Index(['Age', 'Attrition', 'TravelForWork', 'SalaryLevel', 'JobFunction',
       'CommuteLength', 'EducationalLevel', 'EducationField', 'Directs',
       'EmployeeNumber', 'EnvironmentSatisfaction', 'Gender', 'HourlyRate',
       'JobInvolvement', 'JobLevel', 'JobRole', 'JobSatisfaction',
       'MaritalStatus', 'MonthlyIncome', 'MonthlyRate', 'NumCompaniesWorked',
       'Over18', 'OverTime', 'PercentSalaryHike', 'PerformanceRating',
       'RelationshipSatisfaction', 'WeeklyWorkedHours', 'StockOptionLevel',
       'YearsinIndustry', 'TrainingTimesLastYear', 'WorkLifeBalance',
       'YearsOnJob', 'YearsAtCurrentLevel', 'YearsSinceLastPromotion',
       'YearsWithCurrManager', 'name'],
      dtype='object')

In [5]:
TARGET = "Attrition"

# we have chosen some columns, the choice is not really important to show K-fold
features = [
    "Age",
    "TravelForWork",
    "SalaryLevel",
    "JobFunction",
    "CommuteLength",
    "EducationalLevel",
    "EducationField",
    "Directs",
    "EmployeeNumber",
    "EnvironmentSatisfaction",
    "Gender",
    "HourlyRate",
    "JobInvolvement",
    "JobLevel",
    "JobRole",
    "JobSatisfaction",
    "MaritalStatus",
    "MonthlyIncome",
    "MonthlyRate",
    "NumCompaniesWorked",
    "Over18",
    "OverTime",
]

### Model training with K-fold

In [6]:
# the number of FOLDS
FOLDS = 5
# good to set, to make it entirely reproducible
SEED = 4321

kf = KFold(n_splits=FOLDS, shuffle=True, random_state=SEED)

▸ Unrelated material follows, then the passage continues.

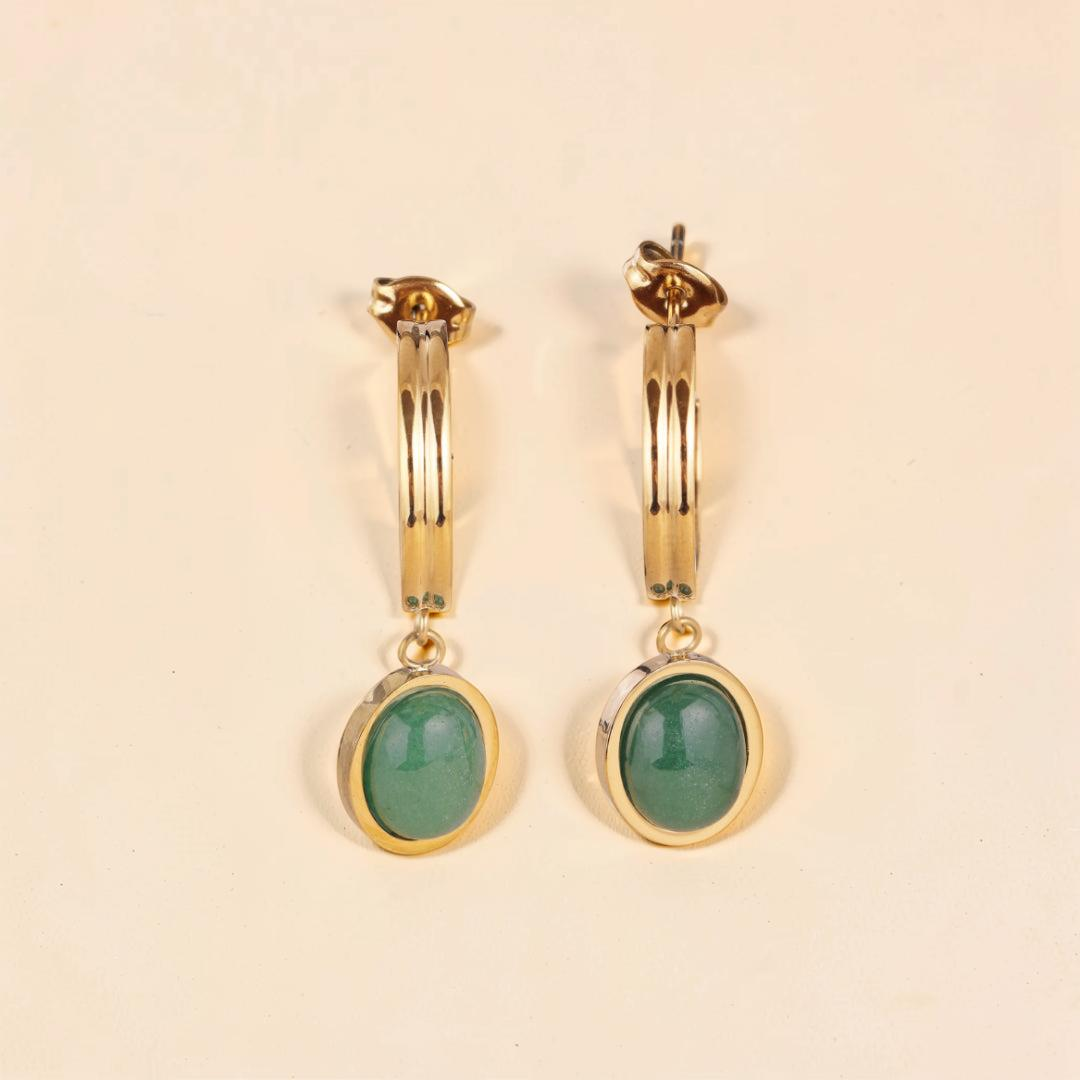 Boucles d'Oreilles Aventurine – Classe Naturelle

# in this list we will save the trained models
models_list = []

#
# at each iteration you get a different set of indexes
# from which you get different samples for train and validation dataset
#
for i, (train_idx, valid_idx) in enumerate(kf.split(data_orig)):
    print()
    print("Processing fold:", i + 1)

    # here we split the DataFrame, using the indexes for the fold
    data_train = data_orig.iloc[train_idx]
    data_valid = data_orig.iloc[valid_idx]

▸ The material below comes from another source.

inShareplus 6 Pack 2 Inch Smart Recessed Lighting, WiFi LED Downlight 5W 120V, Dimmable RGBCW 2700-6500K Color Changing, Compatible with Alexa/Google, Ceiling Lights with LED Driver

    print("Samples for train dataset:", data_train.shape[0])
    print("Samples for validation dataset:", data_valid.shape[0])

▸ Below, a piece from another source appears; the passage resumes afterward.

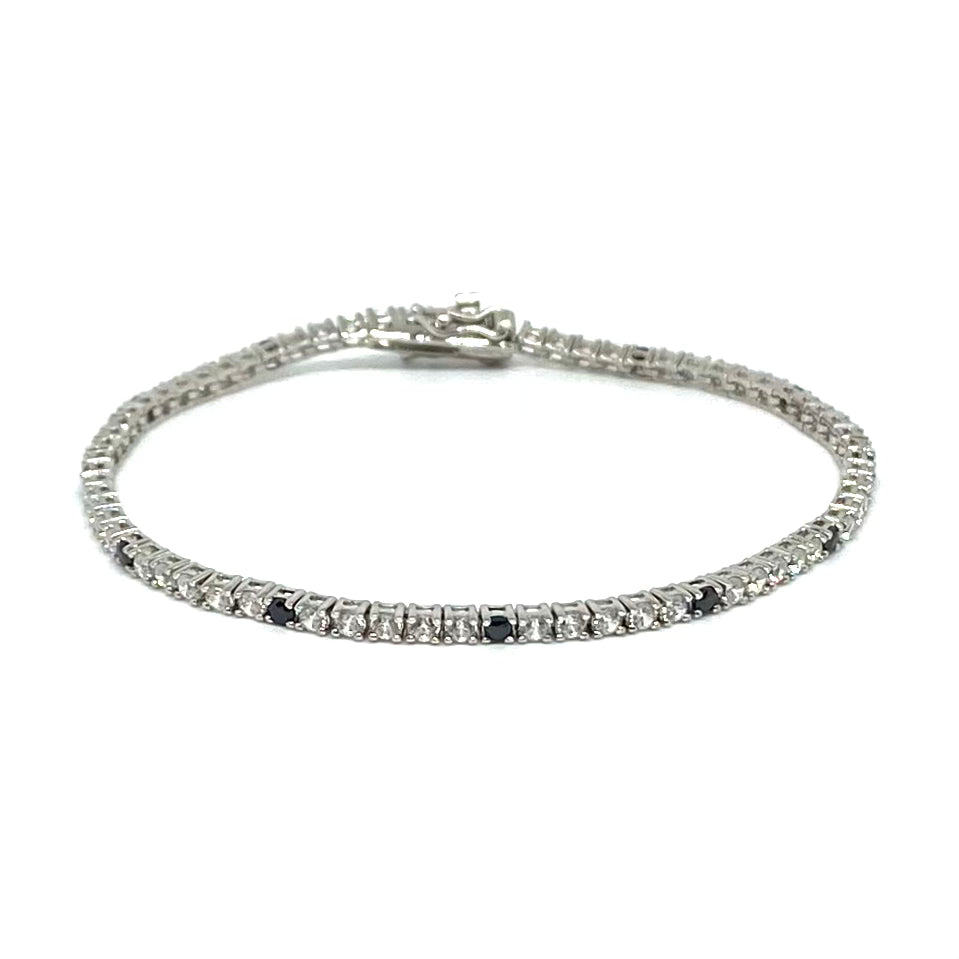Bracciale Tennis 5+1 Bianco e Nero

    # get numpy vector, we assume that the library for the model support numpy
    x_train = data_train[features].values
    y_train = data_train[TARGET].values
    y_train = y_train.reshape(-1, 1)

    x_valid = data_valid[features].values
    y_valid = data_valid[TARGET].values
    y_valid = y_valid.reshape(-1, 1)

    # here you will do:
    # model.fit(x_train, y_train, eval=(x_test, y_test))
    # models_list.append(model)


Processing fold: 1
Samples for train dataset: 1176
Samples for validation dataset: 294

Processing fold: 2
Samples for train dataset: 1176
Samples for validation dataset: 294

Processing fold: 3
Samples for train dataset: 1176
Samples for validation dataset: 294

Processing fold: 4
Samples for train dataset: 1176
Samples for validation dataset: 294

Processing fold: 5
Samples for train dataset: 1176
Samples for validation dataset: 294


In [7]:
# at this point we have len(models_list) trained models

# to do prediction, for example on a test set we need to use each model and compute the avg of the probability predicted by each model.